You may be able to reduce your risk of some forms of bowel obstruction by modifying your diet and lifestyle. For example:

  • To help prevent colorectal cancer, eat a balanced diet low in fat with plenty of vegetables and fruits, don't smoke, and see your doctor for colorectal cancer screening once a year after age 50.

  • To help prevent hernias, avoid heavy lifting, which increases pressure inside the abdomen and may force a section of intestine to protrude through a vulnerable area of your abdominal wall.
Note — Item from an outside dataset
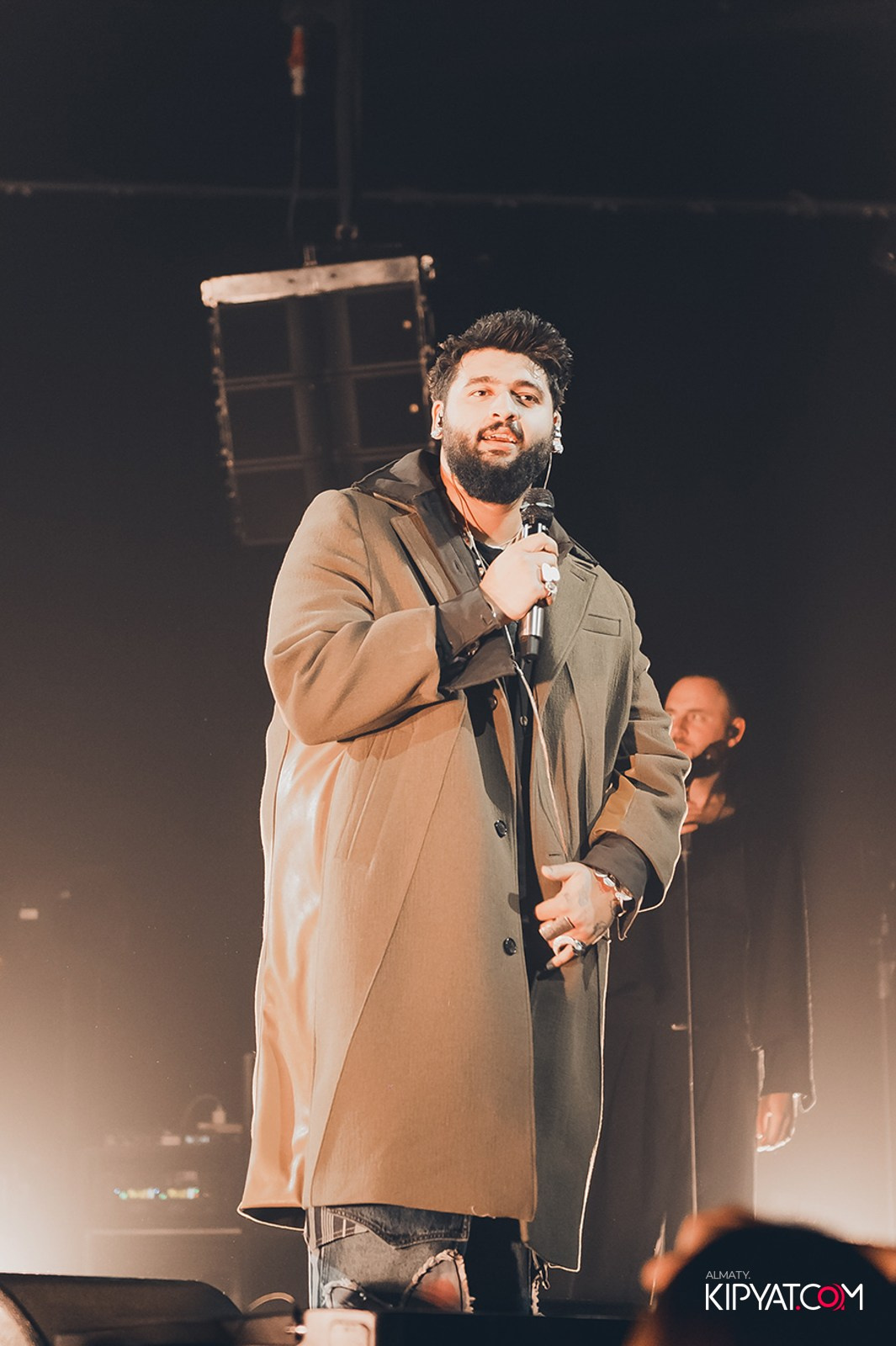 DizzyLoveDау. КИПЯТКОМ АЛМАТЫ!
If you develop an abnormal lump under the skin of your abdomen, especially near your groin or near a surgical scar, contact your doctor.

  • There is no proven way to prevent obstruction caused by diverticular disease, but some doctors believe that people with diverticular disease should follow a high-fiber diet and avoid foods that may become lodged in the diverticula, such as seeds and popcorn.

Treatment

If you have a bowel obstruction, you will be treated in a hospital. A flexible, lubricated nasogastric tube (NG tube) can be inserted through your nose into your stomach to help remove excess gas from your stomach and intestines. You will be given fluids intravenously (through a vein) because you will not be allowed to eat or drink.

Partial small-bowel obstruction often improves within a few days, and the NG tube can be removed if one was used. At that point, you will be given sips of fluid. If you tolerate this, you will be given a full liquid diet for a day or more followed by solid foods that are easy to digest. A complete bowel obstruction often requires surgery to correct or remove the cause of the obstruction (tumor, adhesions, stricture), repair the hernia, or fix the segment of intestine at risk for repeated volvulus. During this surgery, a segment of damaged or strangulated intestine also may be removed.

It is sometimes most practical for your doctor and you to take a "wait and see" approach if you recover from one or two episodes of bowel obstruction without surgery. You may eventually require surgery to correct the cause of the blockage or to prevent future episodes, but not everyone needs surgery.